There are no chiefs or leaders for the Maasai; they are organised by the age group of males. The transitions from one age group to the next are crucial moments in the life of a Maasai man and his reputation is very dependent on the number of cattle and women. It is not uncommon for a Maasai to have 50 cattle and five women. Numerous ceremonies, including the much criticised female circumcision, mark the life if the Maasai.
The traditional Maasai houses are round or rectangular depending on the region - but definitely built from a clay-manure mixture, which is similar to a half-timbered house attached to a wooden skeleton structure around. A fire is used for cooking and heating as there is no fireplace inside the Maasai house.
The Maasai speak among themselves their own language, Maa, which belongs to the group of Nilotic languages. However, most can also communicate in Swahili, which they have learnt in schools since the 60's.

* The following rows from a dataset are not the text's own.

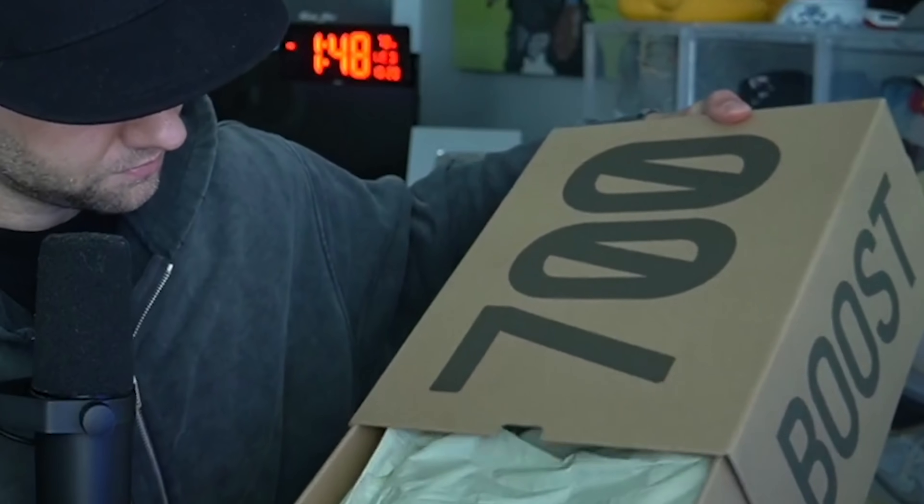I'm going to be a little biased on this obviously — I'm a Yeezy fan. I love 700 V1s, the 700 V1 is my favorite Yeezy silhouette, it's such a great sneaker. That's why even though I say this was one I didn't have to have, I still think it's very nice.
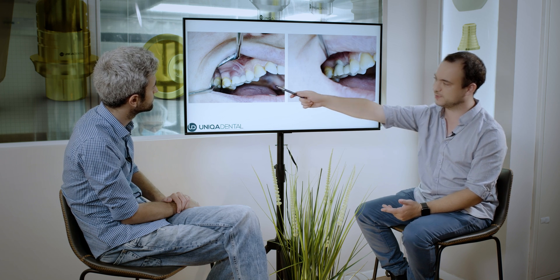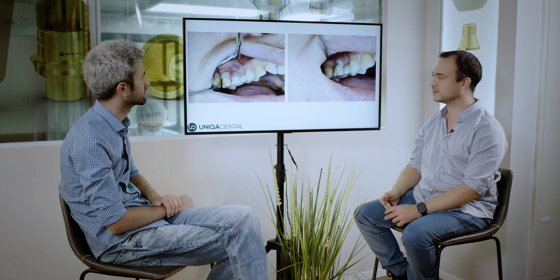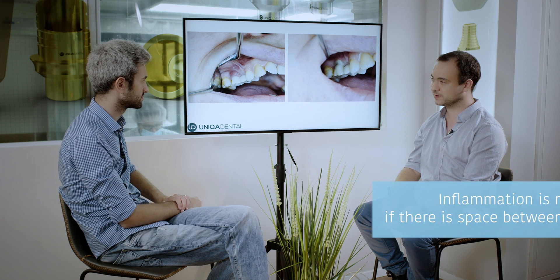This is the before and after. Here you can see the before — the inflamed gingiva — and here you can see the after. Because the healing caps were a little bit smaller in diameter, when we put back the bridge you can see a little bit of pressure on the gingiva, but this pressure will go away in about one to two hours, so it doesn't really matter. The bigger the space between the crowns and the gingiva, the better the patient's ability to clean below the bridge, and the less chance this will occur again.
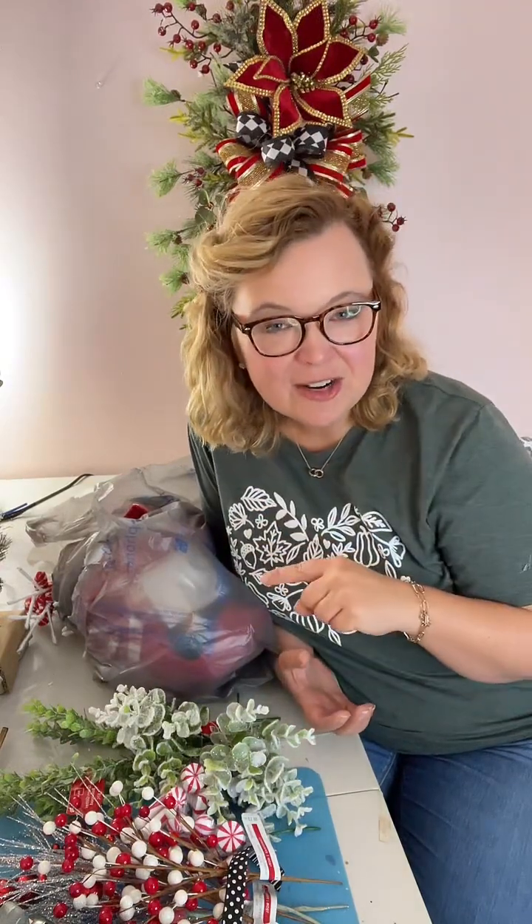Hey everyone and welcome to the Wreath Workshop. I am Ashley Greenwood from Three Little Greenwoods Creations. I am a former kindergarten teacher turned wreath maker turned small business owner, and now I am sharing my love of wreath making with all of you. If you are watching right now you might be watching on Facebook, because I'm going to take this video that I share with my TikTok community and share it over on Facebook.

In addition to language and food, many more features of the west are found in the everyday life of the Maasai. Maasai who go to college, download ringtones on their mobile phone, drive a car, write emails and play billiards and dance hip-hop in the city, are no exception. They do not give up their traditions, but mix them with others. Like no other tribe in Tanzania, the Maasai are faithful to their traditional way of life and benefit from tourism.

Two Maasai villages, Laizer and Leronjo, started this initiative and have received approval by the Tanzania Cultural Tourism Programme for the Reception of Foreigners in April 2009; they are familiar with the needs and practices of foreign tourists.